Press Release
September 5, 2007

PIMENTEL FILES RESOLUTION ASKING SENATE TO INQUIRE INTO NAT'L BROADBAND CONTRACT

Senate Minority Leader Aquilino "Nene" Q. Pimentel, Jr. (PDP-Laban) today formally called for a Senate inquiry into the circumstances leading to the signing of the National Broadband contract between the government and the China's ZTE Corporation in view of allegations that the deal was tainted by irregularities.

In Senate Resolution 127, Pimentel asked the Senate to direct the Blue Ribbon Committee and the Committee on Trade and Industry to undertake the probe in aid of legislation.

"There is a need for the people to know the real story of the players and the circumstances that led to the signing of the broadband contract," Pimentel said.

The agreement on the broadband project was entered into by the government on April 21, 2007 in Boao, China by Transportation and Communications Secretary Leandro Mendoza on behalf of the Philippine government and ZTE Vice President Yu Yong in the presence of President Gloria Macapagal-Arroyo.

The project will reportedly cost some $329 million, that will be borrowed by the government from a bank or other sources from China.

Pimentel asked why the government veered away from the original intention to implement the NBN project under the build-operate-transfer (BOT) law, that will not cost the people any amount as the expenses for the project would supposedly be borne solely by the project proponent.

But under the approved arrangement, the government will shoulder the $329 million cost of the project for which no public bidding was made.

A day or so after the signing of the project agreement in Boao, China, incredibly the original copy of the contract was reportedly lost or stolen in a hotel.

Pimentel cited reports that must be verified that Commission on Elections Chairman Benjamin Abalos of the Commission on Elections lobbied for the approval of the broadband deal before, during and after the last election period, making his intervention in the matter not only highly suspicious but blatantly irregular, if not unlawful.

Moreover, there were allegations that the contract is overpriced by at least $100 million to take care of the "boys" who facilitated the consummation.
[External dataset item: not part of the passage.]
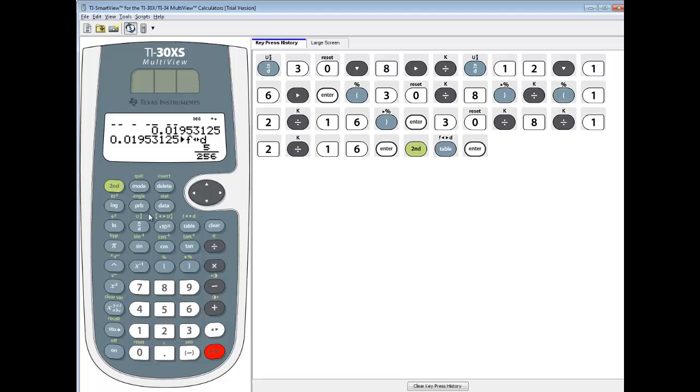The best way to do it on this calculator, in my opinion, is to use the fraction button right here. Because then you don't have to worry about parentheses ever if you use this particular button.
Also Chairman Abalos was reported to have gone back and forth to China to meet with ZTE executives at the expense of the latter.
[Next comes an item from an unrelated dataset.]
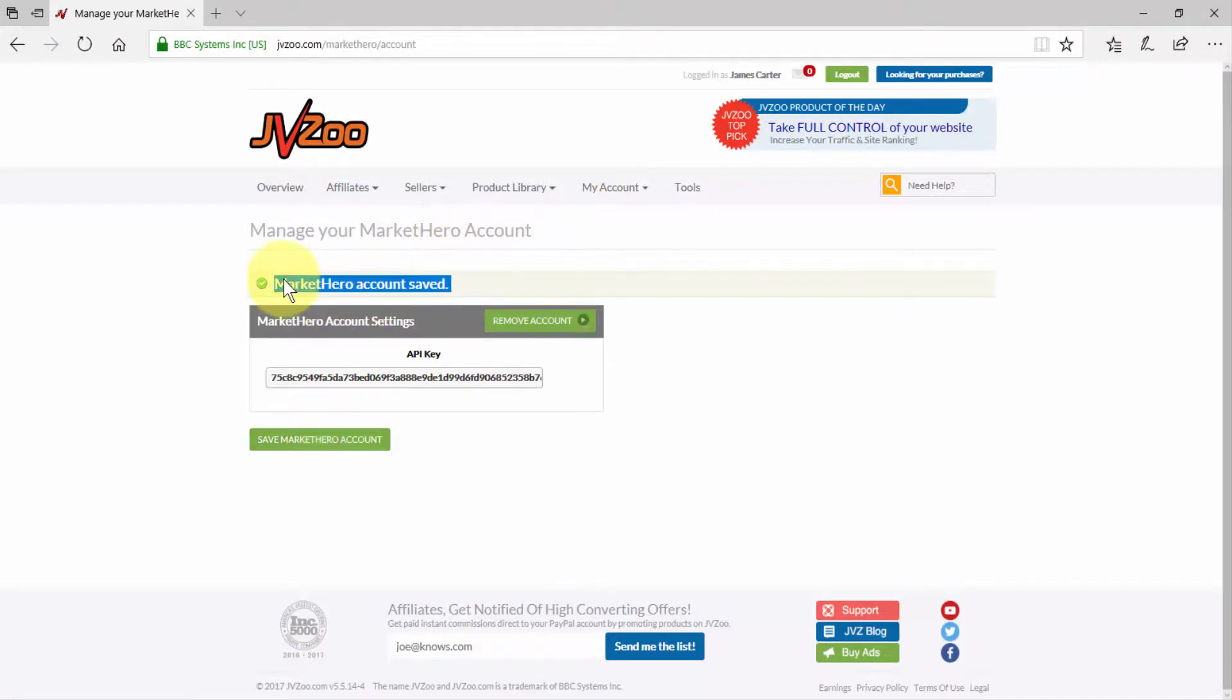And now you can integrate your JVZoo account with Market Hero. Okay, well that's it for this video, take care.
"At the very least, the norms of transparency and accountability required by the Constitution and the laws of the land appear to have been trumped by the actuation of government officials involved in the transaction," Pimentel said.

After the hearings on the case, the Blue Ribbon Committee and Committee on Trade and Industry are expected to make recommendations to hale to the Courts of Law the persons responsible for any anomaly in connection with the NBN project and to plug the loopholes if any, in the BOT law and other pertinent legislations.